Targeted information campaigns aimed at boosting parents’ understanding of progress 8 could help narrow the attainment gap, a study has suggested.
Analysis by the Institute for Fiscal Studies, published today, found parents do not consistently apply to their “most effective” school (the one with the best progress 8 score).
However, the parents of better-off pupils are much more likely to apply for a school with a high progress 8 score, compared to the family of poorer pupils.
Progress 8 is a performance measure for secondary schools that awards them a school based on improvements between pupils’ key stage 2 SATs results and their performance in certain GCSE qualifications.
Dr Jack Britton, associate director at the Institute for Fiscal Studies and an author of the study, said the “results suggest that students from poorer backgrounds could potentially access more effective schools if parental application patterns were to change, suggesting it is an area that is ripe for policy attention”.
If the application gap difference is down to parents lacking awareness of progress 8, then a “targeted information campaign” could help.
Such schemes to influence parents’ application patterns “could be an effective area to target for policymakers intending to narrow gaps in GCSE attainment”, the report added. The secondary school attainment gap is the widest in 10 years.
Poorer parents tend to apply to below-average schools
The study, funded by the Nuffield Foundation, saw researchers from the IFS, the University of California and the University of York analyse data from secondary school applications in 2014.
The best school within reach of poorer pupils and the best-off pupils performed similarly. But richer pupils – in the top fifth by socio-economic status – on average stated a preference for a school two-thirds of the way up the value-added distribution.
The least affluent tended to put schools that performed below the average on this measure as their first choice.
However, there were caveats.
Poorer parents “may be strategically (or pragmatically) not applying to certain schools due to limited available slots on their application form, knowing that their chances of securing admission to the most effective school in the area are very low”.
If this was the case, then admission reforms to “encourage more ambitious application behaviour” may be required.
However if the gap can be explained by parents prioritising close proximity over school effectiveness, then “only policies focused on improving less well-performing schools are likely to work”, researchers said.

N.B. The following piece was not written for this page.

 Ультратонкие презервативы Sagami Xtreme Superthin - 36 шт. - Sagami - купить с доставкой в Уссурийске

The report also found, more generally, that progress 8 was a “reliable measure of school effectiveness”, adding that calls to reform or replace it are “weak”.

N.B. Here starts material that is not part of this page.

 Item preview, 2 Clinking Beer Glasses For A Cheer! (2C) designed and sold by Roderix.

Could it be that poorer parents tend to apply to less effective schools because those are often the closest neighbourhood schools? Aspiring parents are willing for their children to travel further to get to the good school across town.
Maybe not a great time to start promoting awareness of Progress 8 because the current Years 10 and 9 do not have KS2 SATs results. This means that it will be impossible to calculate Progress 8 for them in a consistent way. This will probably lead to something other than Progress 8 being used just at a time that an awareness campaign would be prompting people to take notice of it. Surely that would lead to confusion.